Septa Dubhe lo zittì. Gregor aveva ucciso per molto meno ma il movimento di quelle mani nodose sembrava davvero aprirgli la fronte, così come la pressione alle tempie diminuiva quando vi ruotava i pollici. Se avesse chiuso gli occhi avrebbe potuto fingere che fossero altre mani a toccarlo. Per un po’ Gunvor sarebbe stata di nuovo viva… Ma era figlio di suo padre e come lord Irial non cedeva ai sentimentalismi.

«La mia Alicent vi amava entrambi,» mormorò l’anziana, passando a massaggiargli la parte posteriore del collo «Non c’era differenza, né preferenza.»

«Non mentirmi.»

«Non mento, né proteggo.» rispose l’anziana, serenamente, continuando la sua opera. 

Gregor sentiva il dolore attenuarsi ma la furia non era placata, solo compressa.
«Mhm. Allora dimmi, come si sta comportando il mio fratellino?»

«Fa quello che ci si aspetta, è un bravo–»

«Ragazzo, sì. E sua moglie?»

«Da dove iniziare? Lady Sansa si muove con grazia e non alza mai la voce, eppure la sua presenza si fa sentire. All’inizio Bice non la voleva tra i piedi: troppo giovane per meritare ascolto, e poi non una delle vostre mogli aveva mai mostrato interesse per inventari e provviste. Eppure Lady Sansa non si tirò indietro, quale che fosse la ragione non intendeva venir meno ai propri compiti. Non si arrivò a una vera e propria discussione, la cuoca cedette. Ma da quel momento la guarda con occhi diversi. Il mastro del canile, Joey, mi ha raccontato con sorpresa che quando la lady ha voluto vedere la nuova cucciolata, è stata la prima a redarguire le sue dame di non toccare i cuccioli. Non ha nemmeno voluto dare loro dei nomi, li ha soltanto osservati. E Caleb, il macellaio, lo stesso giorno venne a riferirmi che lady Sansa gli aveva fatto tenere da parte ossa ricche di midollo per la madre dei cuccioli. Insomma, sembra stia conquistando tutti!»

“Anche il Mastino?” Una domanda sciocca che avrebbe portato a una risposta inutile.

«Ed è ancora vergine oppure no?»

«Caro ragazzo, e io come faccio a saperlo?»

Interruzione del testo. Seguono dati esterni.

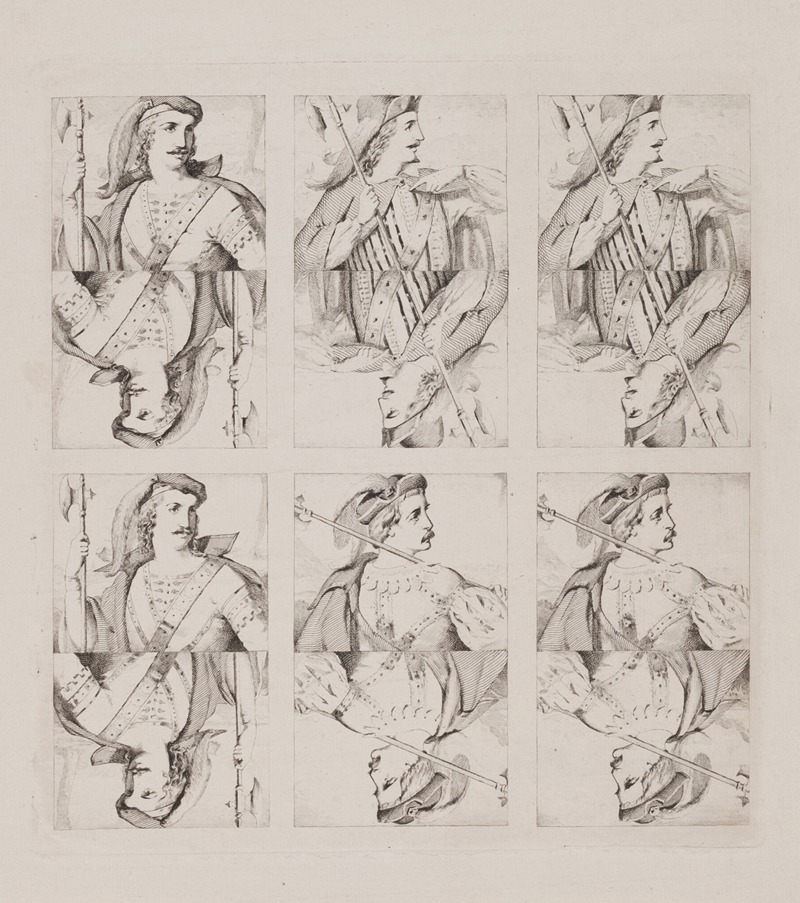 Raderinger til spillekort, knægte by Sophus Schack — digital art print download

La septa parlava come una dannata chimera. Gregor si sottrasse al suo tocco ormai superfluo: il dolore adesso era sopportabile.

«Le mura del castello sono spesse ma non possono contenere le urla.» rifletté, studiando il volto rugoso della vecchia «Tutti hanno udito le mie mogli, e ogni volta che ho giaciuto con loro ho dovuto sostituire il materasso di piume.»

«Con l’ultima persino il letto!» gli rammentò. «Ma non eri mai stato ferito.»

«L'assedio di Stannis è solo un ricordo, qualsiasi ferita abbia riportato mio fratello ormai dovrebbe essersi rimarginata.»

Septa Dubhe dissentì e gli raccontò quel che sapeva, molto poco, sull’imboscata e sulla ferita che ancora oggi non permetteva al Mastino di immergersi completamente. Gregor si chiese perché non ne fosse stato informato prima. "Dimostra chi è il vero Clegane, non solo sul campo di battaglia." Cosa si celava davvero dietro le parole di lord Tywin? "Se tuo fratello non è in grado di compiere il suo dovere, spetta a te." Una volta realizzato questo, la rabbia era ormai fredda e la vendetta perfetta, più di quanto Gregor avesse immaginato.

 

Notes:

Mi scuso per il ritardo, speravo di riuscire a rimanere regolare nonostante il periodo di festa ma ahimé non ne sono in grado... con questo capitolo siamo a metà strada, perciò il prossimo arriverà nell'anno nuovo.